TO DO:
Below are the records. Retype, exactly, the lines from the first through the line with "ASOS BROWN DENIM", and leave out the pictures.

DATASET CONTENT section start

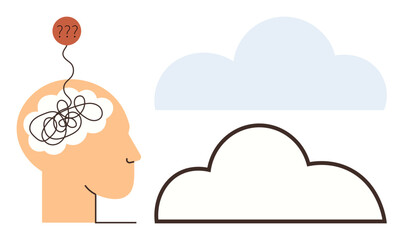 Tangled lines inside a human head with a question-mark balloon and two clouds suggest mental confusion transitioning to clarity. Ideal for self-help, psychology, mindfulness, mental health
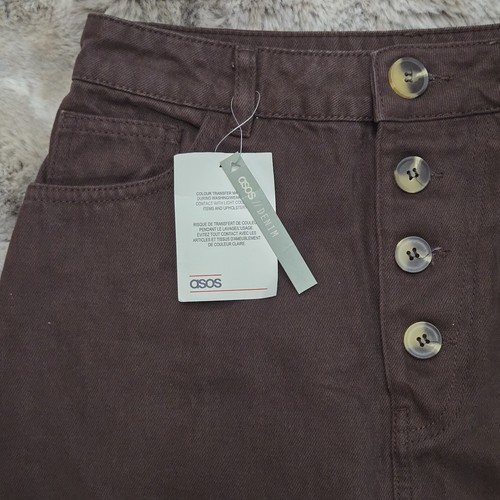 ASOS BROWN DENIM SKIRT 100% COTTON BUTTON FRONT WOMEN'S NWT - Picture 2 of 10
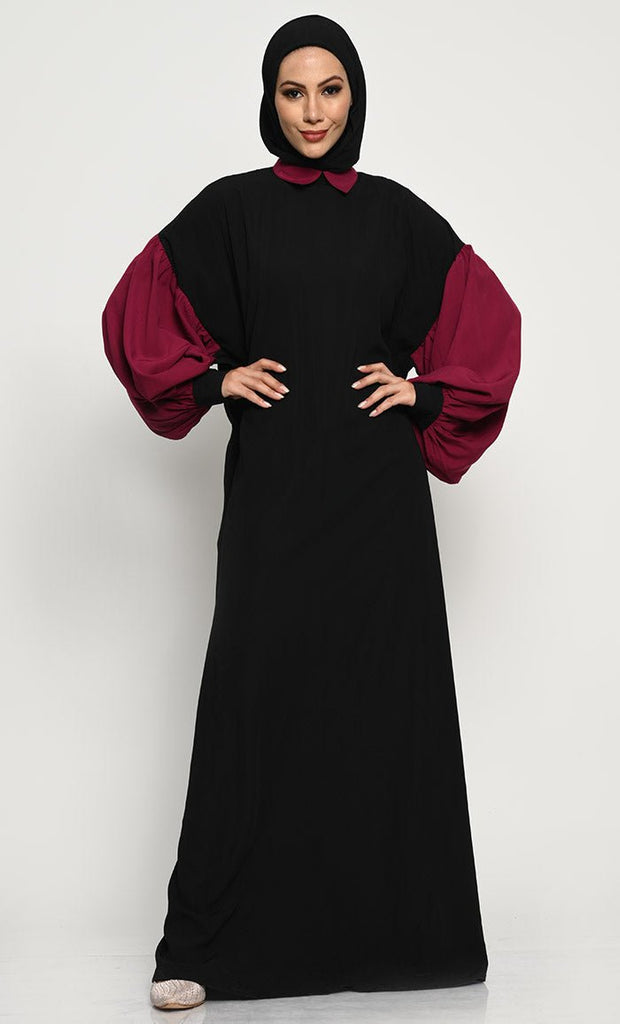 A - Line Nida Fabric Abaya with Off - Shoulder Design and Contrast Gathered Sleeves - EastEssence.com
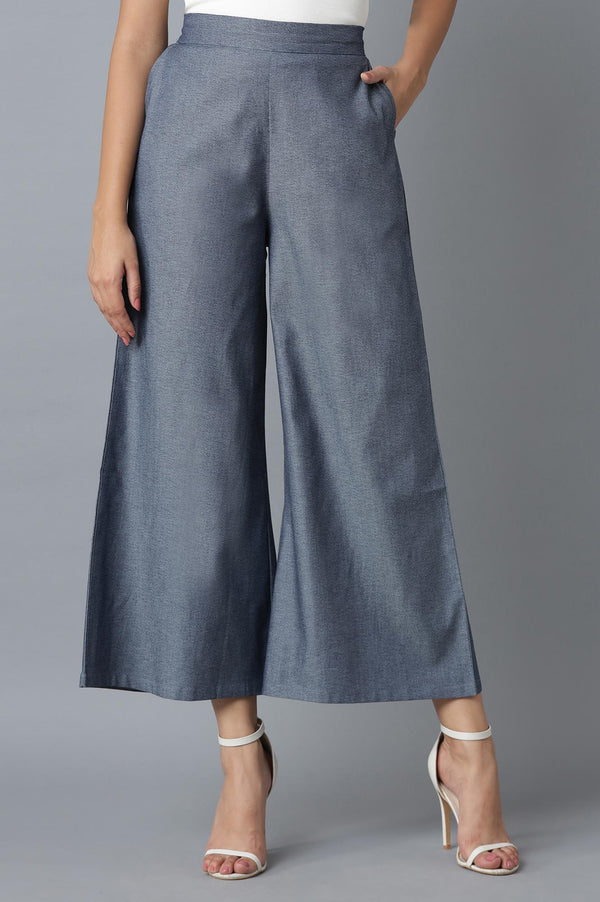Blue Solid Flared Denim Palazzo With Elasticated Waist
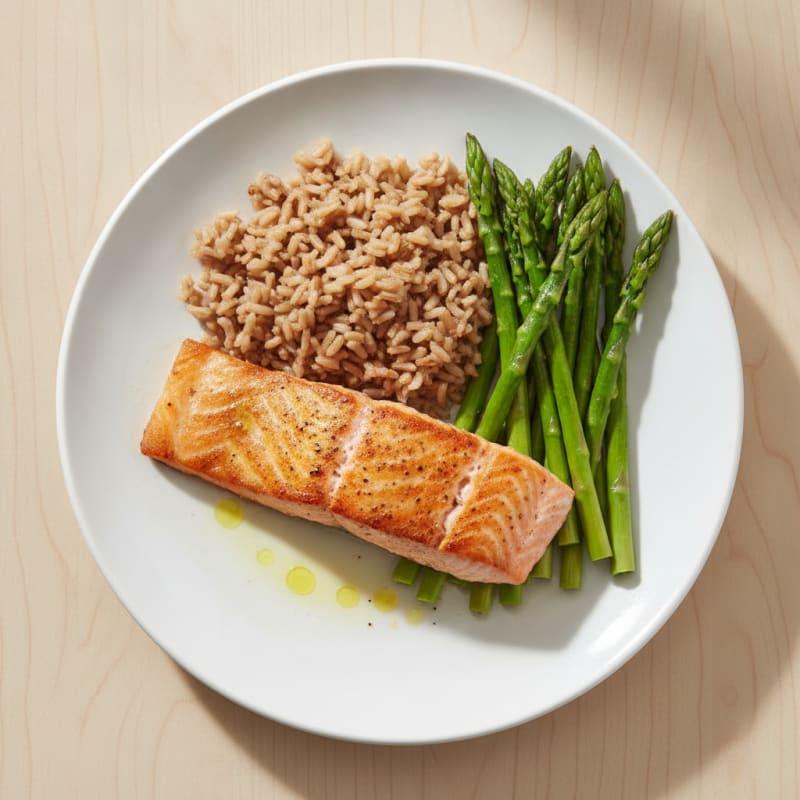 Seared Salmon Fillet with Steamed Asparagus and Brown Rice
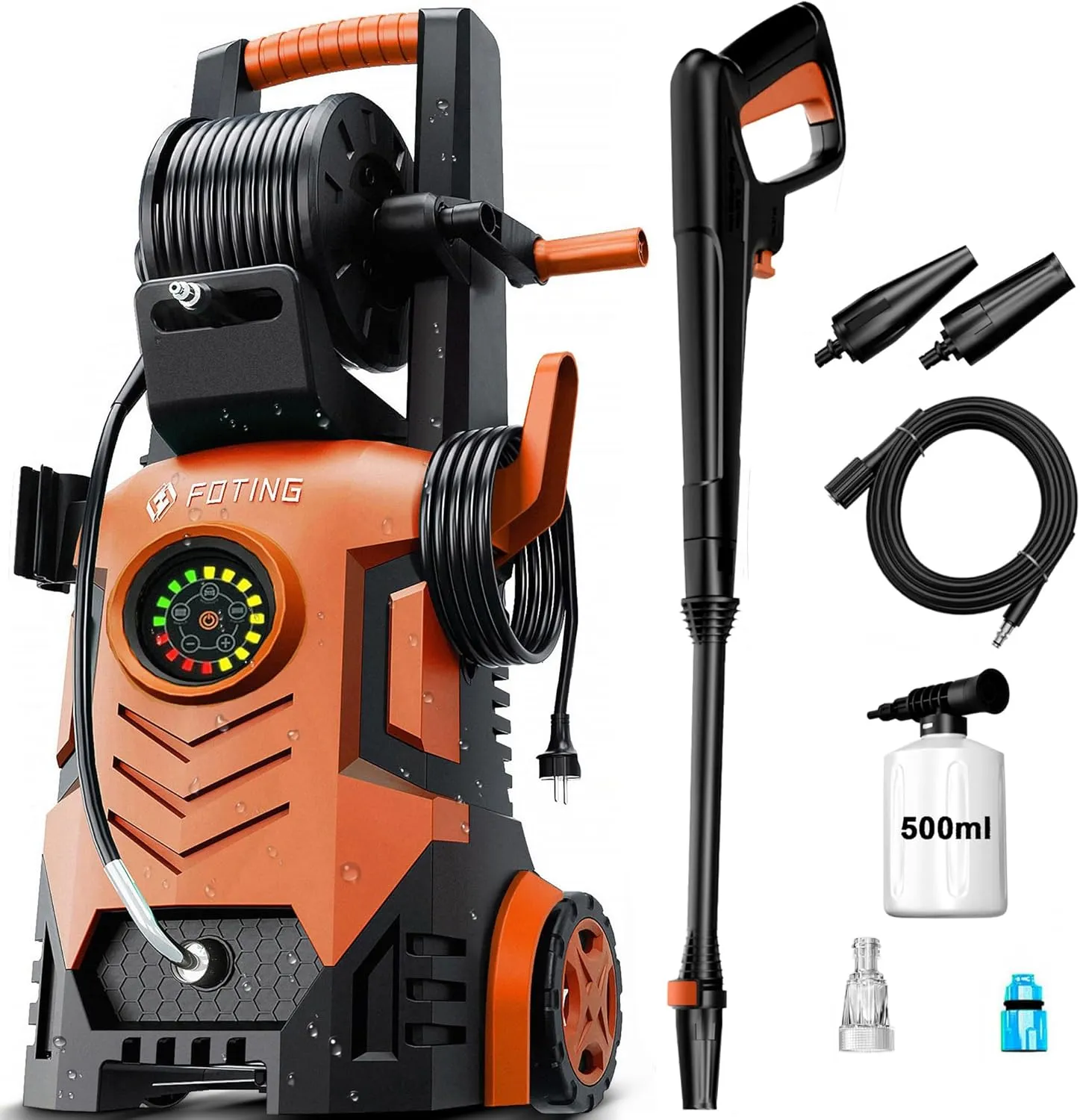 Pressure Washer Touch Screen 8-Stage 200 Bar, 6-in-1 Nozzle, Adjustable Pressure: 100-200 Bar, Flow Rate: 280-500 l/h, …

DATASET CONTENT section end

RESPONSE AREA:
 Tangled lines inside a human head with a question-mark balloon and two clouds suggest mental confusion transitioning to clarity. Ideal for self-help, psychology, mindfulness, mental health
 ASOS BROWN DENIM SKIRT 100% COTTON BUTTON FRONT WOMEN'S NWT - Picture 2 of 10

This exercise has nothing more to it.